There is also a lack of research that focuses on protective variables of the mental health of LGB older adults, mainly studies that address the determinants of well-being, resilience, and successful aging. Further, there is a great need for research that address online resources as a means of sexual stigmatization (e.g., online bullying), and research to validate the applicability and effectiveness of interventions from the general population or from LGB younger population to the LGB older population. Systematic reviews that focus on the experience of sexual stigmatization in population with HIV or in healthcare and institutional context would also be very relevant. In addition, future studies should also evaluate mental health indicators specifically in LGB older adults who have experienced affirmative health care. Further, studies on informal care networks for LGB older people are quite scarce. Yet, studies on the experiences of conversion therapies in this older population, throughout the life cycle, are almost non-existent and can provide very revealing data, such as studies on the management and maintenance of the life purposes of LGB older people after decades of stigmatization. Lastly, studies on the mental health of older lesbian women and transgender people are even scarcer.

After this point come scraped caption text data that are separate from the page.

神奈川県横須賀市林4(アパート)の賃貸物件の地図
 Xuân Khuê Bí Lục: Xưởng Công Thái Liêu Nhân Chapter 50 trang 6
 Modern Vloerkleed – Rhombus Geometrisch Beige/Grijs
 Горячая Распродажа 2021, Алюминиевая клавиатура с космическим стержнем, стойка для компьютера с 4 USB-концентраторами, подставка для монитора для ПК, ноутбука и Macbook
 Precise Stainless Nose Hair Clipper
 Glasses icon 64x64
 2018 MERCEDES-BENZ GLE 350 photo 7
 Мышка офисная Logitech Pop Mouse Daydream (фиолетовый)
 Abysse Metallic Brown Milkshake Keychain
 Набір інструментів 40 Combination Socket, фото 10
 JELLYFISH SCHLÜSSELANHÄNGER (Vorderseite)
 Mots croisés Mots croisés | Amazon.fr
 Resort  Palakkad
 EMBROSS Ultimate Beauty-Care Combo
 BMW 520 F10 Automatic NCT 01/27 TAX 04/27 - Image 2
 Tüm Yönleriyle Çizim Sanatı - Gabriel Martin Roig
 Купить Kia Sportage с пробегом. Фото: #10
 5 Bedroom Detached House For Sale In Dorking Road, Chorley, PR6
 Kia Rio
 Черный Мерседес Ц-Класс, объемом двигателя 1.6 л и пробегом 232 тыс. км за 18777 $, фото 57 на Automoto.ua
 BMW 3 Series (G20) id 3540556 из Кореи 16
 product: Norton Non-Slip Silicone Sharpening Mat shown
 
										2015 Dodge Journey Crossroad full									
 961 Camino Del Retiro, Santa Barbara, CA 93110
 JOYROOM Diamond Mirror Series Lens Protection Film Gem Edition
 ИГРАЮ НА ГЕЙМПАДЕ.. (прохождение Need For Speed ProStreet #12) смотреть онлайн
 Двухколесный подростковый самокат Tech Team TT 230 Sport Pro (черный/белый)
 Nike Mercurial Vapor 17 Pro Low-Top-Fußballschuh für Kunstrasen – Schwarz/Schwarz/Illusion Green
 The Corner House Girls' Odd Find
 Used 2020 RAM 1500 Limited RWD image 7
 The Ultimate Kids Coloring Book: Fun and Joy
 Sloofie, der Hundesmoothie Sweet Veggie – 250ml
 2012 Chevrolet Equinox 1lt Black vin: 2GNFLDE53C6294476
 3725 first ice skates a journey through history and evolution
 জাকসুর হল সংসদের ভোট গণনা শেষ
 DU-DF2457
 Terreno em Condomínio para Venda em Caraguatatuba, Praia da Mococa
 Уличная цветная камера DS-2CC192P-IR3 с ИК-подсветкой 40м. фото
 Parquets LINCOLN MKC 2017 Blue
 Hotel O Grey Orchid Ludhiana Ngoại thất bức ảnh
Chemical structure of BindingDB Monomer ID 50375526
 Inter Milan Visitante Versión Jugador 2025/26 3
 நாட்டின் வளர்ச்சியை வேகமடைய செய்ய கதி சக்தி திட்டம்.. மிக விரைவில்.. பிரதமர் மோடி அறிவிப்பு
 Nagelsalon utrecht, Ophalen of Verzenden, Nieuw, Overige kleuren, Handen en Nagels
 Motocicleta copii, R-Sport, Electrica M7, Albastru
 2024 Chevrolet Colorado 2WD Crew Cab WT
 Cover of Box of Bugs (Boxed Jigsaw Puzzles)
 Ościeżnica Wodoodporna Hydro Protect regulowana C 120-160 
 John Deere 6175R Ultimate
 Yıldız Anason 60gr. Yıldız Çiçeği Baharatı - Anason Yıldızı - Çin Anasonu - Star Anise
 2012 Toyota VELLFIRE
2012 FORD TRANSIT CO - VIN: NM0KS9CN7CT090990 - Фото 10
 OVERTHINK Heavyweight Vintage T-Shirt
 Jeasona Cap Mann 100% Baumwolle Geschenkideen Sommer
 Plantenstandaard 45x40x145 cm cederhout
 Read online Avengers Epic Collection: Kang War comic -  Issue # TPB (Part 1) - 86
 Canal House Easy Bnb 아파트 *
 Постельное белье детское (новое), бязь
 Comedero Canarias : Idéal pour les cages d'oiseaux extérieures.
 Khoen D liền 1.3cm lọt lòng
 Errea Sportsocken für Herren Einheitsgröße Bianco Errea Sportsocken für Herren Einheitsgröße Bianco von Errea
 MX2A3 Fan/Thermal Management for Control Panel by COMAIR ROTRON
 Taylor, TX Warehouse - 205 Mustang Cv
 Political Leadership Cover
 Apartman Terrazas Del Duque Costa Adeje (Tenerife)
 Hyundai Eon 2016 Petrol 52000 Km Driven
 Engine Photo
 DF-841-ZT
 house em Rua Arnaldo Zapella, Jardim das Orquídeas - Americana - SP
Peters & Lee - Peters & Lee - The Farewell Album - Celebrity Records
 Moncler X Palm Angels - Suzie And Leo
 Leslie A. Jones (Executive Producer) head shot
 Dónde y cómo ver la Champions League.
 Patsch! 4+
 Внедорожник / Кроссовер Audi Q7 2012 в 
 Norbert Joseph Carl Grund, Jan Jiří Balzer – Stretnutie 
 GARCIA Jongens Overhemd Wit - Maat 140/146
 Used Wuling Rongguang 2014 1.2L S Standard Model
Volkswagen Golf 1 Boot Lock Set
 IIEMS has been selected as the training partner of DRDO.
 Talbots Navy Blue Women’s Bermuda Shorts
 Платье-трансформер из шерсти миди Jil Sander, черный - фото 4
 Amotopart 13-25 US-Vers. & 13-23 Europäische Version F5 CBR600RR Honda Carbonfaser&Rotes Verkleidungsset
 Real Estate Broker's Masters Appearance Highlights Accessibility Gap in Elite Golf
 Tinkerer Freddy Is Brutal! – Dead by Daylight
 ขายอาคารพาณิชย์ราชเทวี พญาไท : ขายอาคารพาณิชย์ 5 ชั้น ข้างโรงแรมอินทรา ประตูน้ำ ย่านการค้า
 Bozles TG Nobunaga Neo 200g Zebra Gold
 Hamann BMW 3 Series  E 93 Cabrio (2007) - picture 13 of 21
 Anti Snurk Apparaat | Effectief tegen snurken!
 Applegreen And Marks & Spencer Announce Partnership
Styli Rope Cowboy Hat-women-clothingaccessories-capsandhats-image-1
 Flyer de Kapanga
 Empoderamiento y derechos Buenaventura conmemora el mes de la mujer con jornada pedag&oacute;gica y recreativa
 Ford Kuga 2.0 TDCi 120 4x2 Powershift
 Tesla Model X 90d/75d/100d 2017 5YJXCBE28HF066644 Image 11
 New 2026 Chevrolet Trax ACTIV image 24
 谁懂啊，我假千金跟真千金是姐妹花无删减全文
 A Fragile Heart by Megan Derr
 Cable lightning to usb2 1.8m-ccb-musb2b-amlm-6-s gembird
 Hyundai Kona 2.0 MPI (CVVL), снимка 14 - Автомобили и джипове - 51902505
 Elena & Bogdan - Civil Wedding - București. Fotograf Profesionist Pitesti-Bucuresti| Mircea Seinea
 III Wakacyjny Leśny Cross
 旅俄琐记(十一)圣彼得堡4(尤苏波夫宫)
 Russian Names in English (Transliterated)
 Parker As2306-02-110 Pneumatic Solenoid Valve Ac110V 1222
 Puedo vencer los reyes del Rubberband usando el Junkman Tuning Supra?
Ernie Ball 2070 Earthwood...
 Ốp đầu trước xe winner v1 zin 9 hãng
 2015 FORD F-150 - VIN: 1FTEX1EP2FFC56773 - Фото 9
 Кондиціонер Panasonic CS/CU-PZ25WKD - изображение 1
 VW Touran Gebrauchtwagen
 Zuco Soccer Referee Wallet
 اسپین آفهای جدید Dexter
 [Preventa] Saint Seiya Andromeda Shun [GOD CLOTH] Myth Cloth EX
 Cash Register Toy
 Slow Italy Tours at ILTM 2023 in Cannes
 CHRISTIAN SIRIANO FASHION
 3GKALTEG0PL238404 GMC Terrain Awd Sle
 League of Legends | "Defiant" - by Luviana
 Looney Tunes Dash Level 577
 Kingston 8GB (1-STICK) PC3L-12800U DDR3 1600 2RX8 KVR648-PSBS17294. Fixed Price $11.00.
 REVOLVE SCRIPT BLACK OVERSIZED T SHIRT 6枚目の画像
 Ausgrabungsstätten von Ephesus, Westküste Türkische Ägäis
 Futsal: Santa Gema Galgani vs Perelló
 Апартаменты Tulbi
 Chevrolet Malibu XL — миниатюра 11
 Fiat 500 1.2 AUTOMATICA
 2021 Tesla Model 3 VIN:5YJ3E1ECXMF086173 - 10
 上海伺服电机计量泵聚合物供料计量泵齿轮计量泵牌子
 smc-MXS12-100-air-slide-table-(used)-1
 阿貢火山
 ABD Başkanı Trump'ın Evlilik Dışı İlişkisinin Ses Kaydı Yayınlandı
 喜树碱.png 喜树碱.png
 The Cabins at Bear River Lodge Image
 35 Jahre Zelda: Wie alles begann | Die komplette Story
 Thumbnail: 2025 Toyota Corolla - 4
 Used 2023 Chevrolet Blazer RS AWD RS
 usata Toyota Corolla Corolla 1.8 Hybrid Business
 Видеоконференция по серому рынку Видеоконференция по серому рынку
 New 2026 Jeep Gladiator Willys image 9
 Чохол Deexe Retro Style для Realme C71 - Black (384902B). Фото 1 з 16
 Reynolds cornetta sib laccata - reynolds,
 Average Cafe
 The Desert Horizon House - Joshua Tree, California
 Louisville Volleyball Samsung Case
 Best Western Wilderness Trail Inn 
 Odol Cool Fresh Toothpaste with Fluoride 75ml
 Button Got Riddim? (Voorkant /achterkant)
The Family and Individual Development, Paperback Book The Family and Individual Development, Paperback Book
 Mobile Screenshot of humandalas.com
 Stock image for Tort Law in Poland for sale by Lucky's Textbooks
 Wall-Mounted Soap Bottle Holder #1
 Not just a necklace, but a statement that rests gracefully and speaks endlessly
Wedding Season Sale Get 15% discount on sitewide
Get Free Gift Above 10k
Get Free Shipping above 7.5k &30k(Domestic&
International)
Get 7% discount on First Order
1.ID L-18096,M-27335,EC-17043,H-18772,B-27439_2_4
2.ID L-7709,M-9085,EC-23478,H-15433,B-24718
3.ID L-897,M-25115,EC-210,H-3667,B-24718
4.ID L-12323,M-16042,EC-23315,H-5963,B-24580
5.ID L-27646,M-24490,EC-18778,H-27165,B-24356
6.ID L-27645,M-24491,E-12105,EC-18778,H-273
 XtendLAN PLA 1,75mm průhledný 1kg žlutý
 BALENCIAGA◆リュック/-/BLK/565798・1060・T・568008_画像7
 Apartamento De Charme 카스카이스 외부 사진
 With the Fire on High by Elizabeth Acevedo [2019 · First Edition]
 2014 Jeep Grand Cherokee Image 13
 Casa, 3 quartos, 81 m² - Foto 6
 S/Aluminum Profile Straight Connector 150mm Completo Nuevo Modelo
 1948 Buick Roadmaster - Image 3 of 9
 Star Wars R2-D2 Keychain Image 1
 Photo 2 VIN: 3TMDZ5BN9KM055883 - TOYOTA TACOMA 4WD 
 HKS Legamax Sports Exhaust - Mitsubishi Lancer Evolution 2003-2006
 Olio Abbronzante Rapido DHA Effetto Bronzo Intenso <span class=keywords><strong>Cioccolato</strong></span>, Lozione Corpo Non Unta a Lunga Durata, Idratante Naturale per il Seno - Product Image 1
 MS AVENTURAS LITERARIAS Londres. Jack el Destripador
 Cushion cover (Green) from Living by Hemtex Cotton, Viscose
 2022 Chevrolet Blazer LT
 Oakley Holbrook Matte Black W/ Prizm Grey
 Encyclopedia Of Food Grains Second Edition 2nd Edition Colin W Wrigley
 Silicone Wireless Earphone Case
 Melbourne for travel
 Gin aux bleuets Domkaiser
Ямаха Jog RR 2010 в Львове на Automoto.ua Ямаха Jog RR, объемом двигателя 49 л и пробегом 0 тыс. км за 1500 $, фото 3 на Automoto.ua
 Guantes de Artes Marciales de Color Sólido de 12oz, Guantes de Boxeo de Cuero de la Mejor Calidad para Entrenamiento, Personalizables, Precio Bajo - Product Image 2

Conclusion and Implications

This review addressed different manifestations of sexual stigma and their relationship to mental health outcomes among LGB older adults. It was found that sexual stigma has a close relationship with overall mental health, with the relationship between the former and depressive symptoms, psychological distress, and substance misuse/abuse to be particularly noteworthy. Further, at least five negative moderator/mediator mechanisms were identified between sexual stigma and mental health outcomes: hypervigilance, invisibility, feeling social rejected, concealment of sexual identity, and internal conflicts. Stigmatization continues to drive LGB older adults away from health care. However, these older adults have also developed resources for stigma management, such as resilience and support strategies throughout the lifecycle, presenting significant levels of well-being and quality of life. This review has the potential to inform future research and the applied psychological and psychiatric field about the relationship between sexual stigma and mental health outcomes, especially given that the evidence in this field of research is expected to continue to grow significantly in the coming years. Further, this review included few studies in Spanish and Portuguese, or developed in countries where these were the official languages. This low inclusion may be mainly due to the few studies and few social initiatives that exist to address the older sexual minority population in southern Europe and South America. Hence the potential need to adopt social inclusion and public health measures aimed at these populations.